Introduced February 9, 2026 by W. Greg Steube · Last progress February 9, 2026
The bill increases local control, transparency, and enforcement against unlawful weather modification while simultaneously restricting federal research and coordination—trading national research capacity and federal safeguards for greater state/local authority and risk‑shifting to nonfederal actors.
Communities (urban and rural), air travelers, and federal regulators gain clearer reporting, public transparency, interagency coordination, and enforcement tools (FAA reporting, EPA public reporting and investigations, criminal/civil penalties) to deter and respond to unlawful weather modification.
State and local governments and operators (farmers, utilities) regain primary control over weather-modification decisions and face reduced federal permitting and compliance burdens, lowering regulatory costs for on-the-ground activities.

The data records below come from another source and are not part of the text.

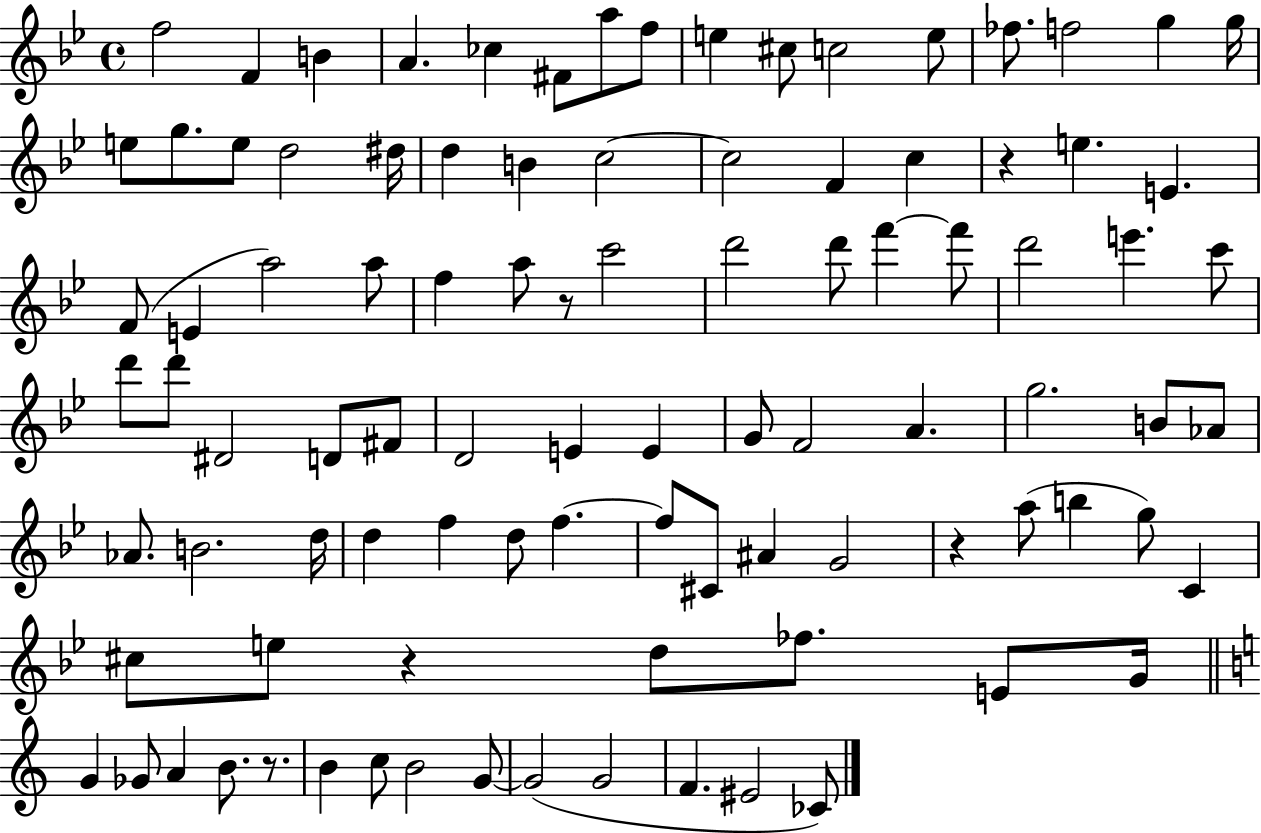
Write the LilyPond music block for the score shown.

{
  \clef treble
  \time 4/4
  \defaultTimeSignature
  \key bes \major
  \repeat volta 2 { f''2 f'4 b'4 | a'4. ces''4 fis'8 a''8 f''8 | e''4 cis''8 c''2 e''8 | fes''8. f''2 g''4 g''16 | \break e''8 g''8. e''8 d''2 dis''16 | d''4 b'4 c''2~~ | c''2 f'4 c''4 | r4 e''4. e'4. | \break f'8( e'4 a''2) a''8 | f''4 a''8 r8 c'''2 | d'''2 d'''8 f'''4~~ f'''8 | d'''2 e'''4. c'''8 | \break d'''8 d'''8 dis'2 d'8 fis'8 | d'2 e'4 e'4 | g'8 f'2 a'4. | g''2. b'8 aes'8 | \break aes'8. b'2. d''16 | d''4 f''4 d''8 f''4.~~ | f''8 cis'8 ais'4 g'2 | r4 a''8( b''4 g''8) c'4 | \break cis''8 e''8 r4 d''8 fes''8. e'8 g'16 | \bar "||" \break \key a \minor g'4 ges'8 a'4 b'8. r8. | b'4 c''8 b'2 g'8~~ | g'2( g'2 | f'4. eis'2 ces'8) | \break } \bar "|."
}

Communities (including rural areas and local governments) are protected from federal government–sponsored weather modification because the bill bars federal participation nationwide, removing a pathway for government-led interventions.
Scientists, state governments, and communities lose federal research programs and funding for climate intervention and weather‑modification studies, reducing development of mitigation tools and forecasting improvements for extreme weather and climate risks.

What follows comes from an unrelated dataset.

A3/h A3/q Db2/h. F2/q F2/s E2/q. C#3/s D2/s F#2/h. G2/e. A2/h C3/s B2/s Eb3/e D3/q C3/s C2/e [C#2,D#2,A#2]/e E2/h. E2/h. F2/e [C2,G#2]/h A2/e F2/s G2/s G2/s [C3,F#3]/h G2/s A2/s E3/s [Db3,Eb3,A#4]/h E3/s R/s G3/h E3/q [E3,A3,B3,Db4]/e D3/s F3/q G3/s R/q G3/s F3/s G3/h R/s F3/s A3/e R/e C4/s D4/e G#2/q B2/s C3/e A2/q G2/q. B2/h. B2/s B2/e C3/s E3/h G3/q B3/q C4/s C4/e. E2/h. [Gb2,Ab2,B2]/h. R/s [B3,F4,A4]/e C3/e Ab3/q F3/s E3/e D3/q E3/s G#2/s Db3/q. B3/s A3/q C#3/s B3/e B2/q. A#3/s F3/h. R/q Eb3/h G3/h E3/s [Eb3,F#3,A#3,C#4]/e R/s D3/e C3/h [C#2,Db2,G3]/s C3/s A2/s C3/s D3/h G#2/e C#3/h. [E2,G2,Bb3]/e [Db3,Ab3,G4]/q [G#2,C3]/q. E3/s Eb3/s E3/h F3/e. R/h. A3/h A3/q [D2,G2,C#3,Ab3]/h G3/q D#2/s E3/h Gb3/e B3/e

Local governments, farmers, and communities face increased risk of uncoordinated or cross-jurisdictional weather‑modification activity because removal of federal permits and bans on federal coordination create regulatory gaps and weaken national safeguards.
Researchers, small entities, and private operators could face criminal liability, large per‑release civil fines, and broad legal uncertainty due to expanded criminal penalties and sweeping federal jurisdiction over interstate atmospheric activities.

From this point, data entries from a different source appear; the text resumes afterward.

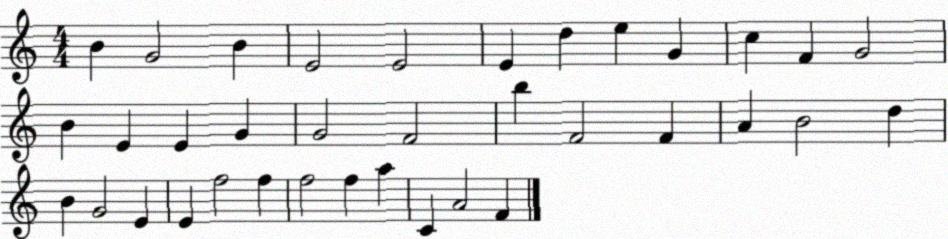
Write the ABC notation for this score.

X:1
T:Untitled
M:4/4
L:1/4
K:C
B G2 B E2 E2 E d e G c F G2 B E E G G2 F2 b F2 F A B2 d B G2 E E f2 f f2 f a C A2 F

Based on analysis of 7 sections of legislative text.
Criminalizes knowing authorization or conduct of weather modification in the U.S., bans federal agencies and fund recipients from such research, repeals authorizations, and sets up reporting/enforcement.
Makes it a federal crime to knowingly authorize or carry out weather modification activities in U.S. airspace, territories, or that use interstate or foreign commerce, and imposes civil penalties. It also repeals existing federal authorizations and regulations that allow weather modification, bars federal agencies and any recipients of federal funds from conducting weather-modification research or testing, and requires the FAA and EPA to create public reporting systems and investigatory procedures. The Act takes effect 90 days after enactment.